▸ Task prompt
Below, some lines carry pictures; leave those pictures out and retype exactly the lines from the one with "January 17 —" through the one with "Hello, this is".

▸ Source material
######

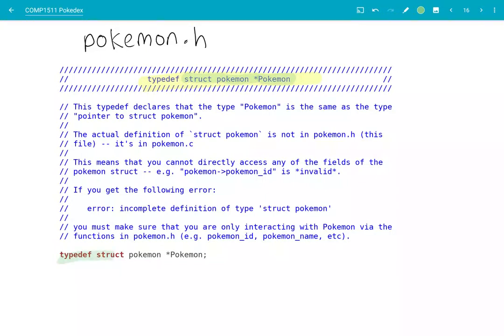You'll notice that the only thing inside Pokémon.h is this typedef. The actual definition of the struct itself — the actual struct with all the fields inside — is not in Pokémon.h, it's in Pokémon.c. So that means that when your Pokédex.c has hash-included Pokémon.h, the only thing you can access is the fact that this capital P Pokémon exists. You can't actually access inside the fields of it. This capital P Pokémon is effectively like a black box to you. You know that it exists, you can pass around things of type capital P Pokémon, but you can't actually see what's inside.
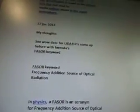January 17 — my thoughts. Today is the 26th of 2013. Sea well data for the Lidar. It's come up before with the formulas phasor keyword — the phasor keyword, frequency, additional source of optical radiation.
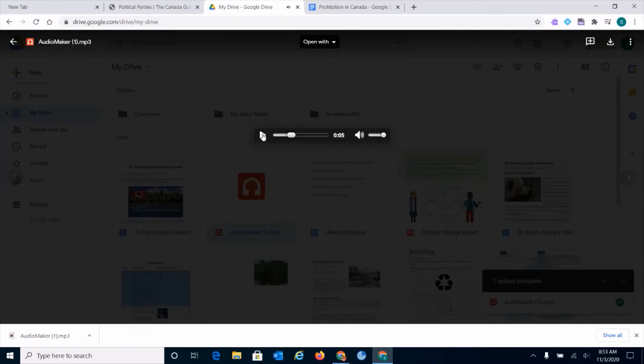The Audio Maker feature can also be used with other Google apps such as Docs, Slides, and Jamboard.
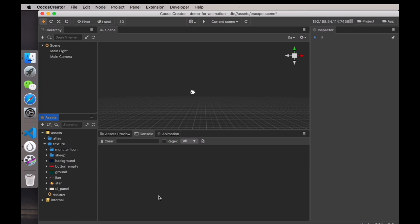Hello, this is Eric, the Cocos Evangelist. Today I'm going to use the case of Ship Running to introduce you to the animation system. Ship Running looks like a side-scrolling video game, but everything — including the character control and the enemy movement — is achieved through the animation system. Next, let's see how it is created.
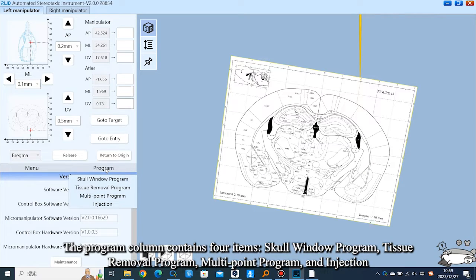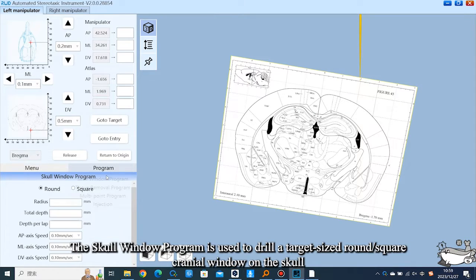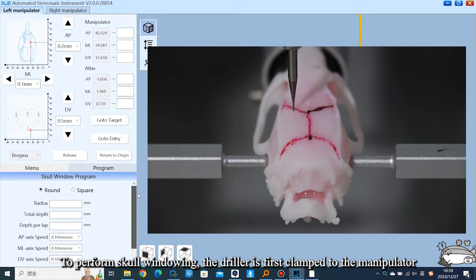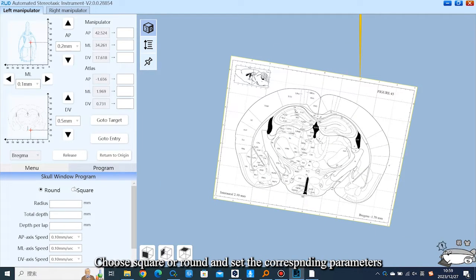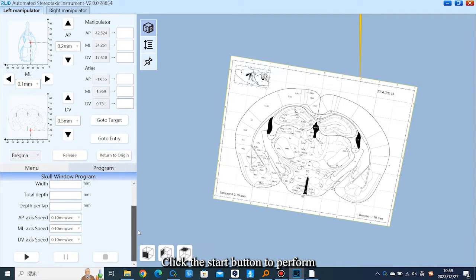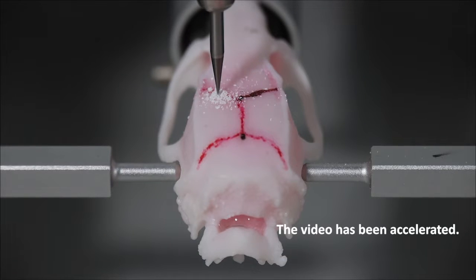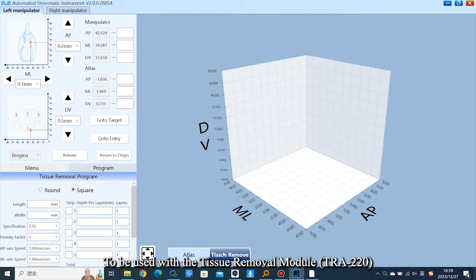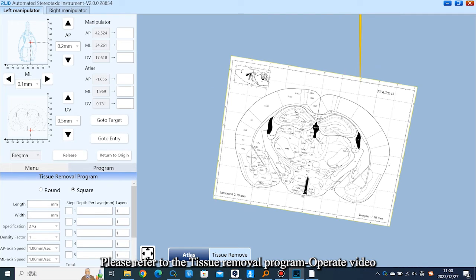The Program column contains four items: skull window program, tissue removal program, multi-point program, and injection. The skull window program is used to drill a target-sized round or square cranial window on the skull by controlling the precise movement of the driller fixed to the manipulator. To perform skull windowing, first clamp the driller to the manipulator. Choose square or round and set the corresponding parameters. The AP, ML, and DV axis speed is the speed of the manipulator with the driller; drilling speed is set by the driller itself. Click Start to perform. The tissue removal program reduces unnecessary damage from manual tissue removal and is used with the Tissue Removal Module TRA-220 — please refer to the tissue removal program operation video.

######

▸ Your solution
January 17 — my thoughts. Today is the 26th of 2013. Sea well data for the Lidar. It's come up before with the formulas phasor keyword — the phasor keyword, frequency, additional source of optical radiation.
The Audio Maker feature can also be used with other Google apps such as Docs, Slides, and Jamboard.
Hello, this is Eric, the Cocos Evangelist. Today I'm going to use the case of Ship Running to introduce you to the animation system. Ship Running looks like a side-scrolling video game, but everything — including the character control and the enemy movement — is achieved through the animation system. Next, let's see how it is created.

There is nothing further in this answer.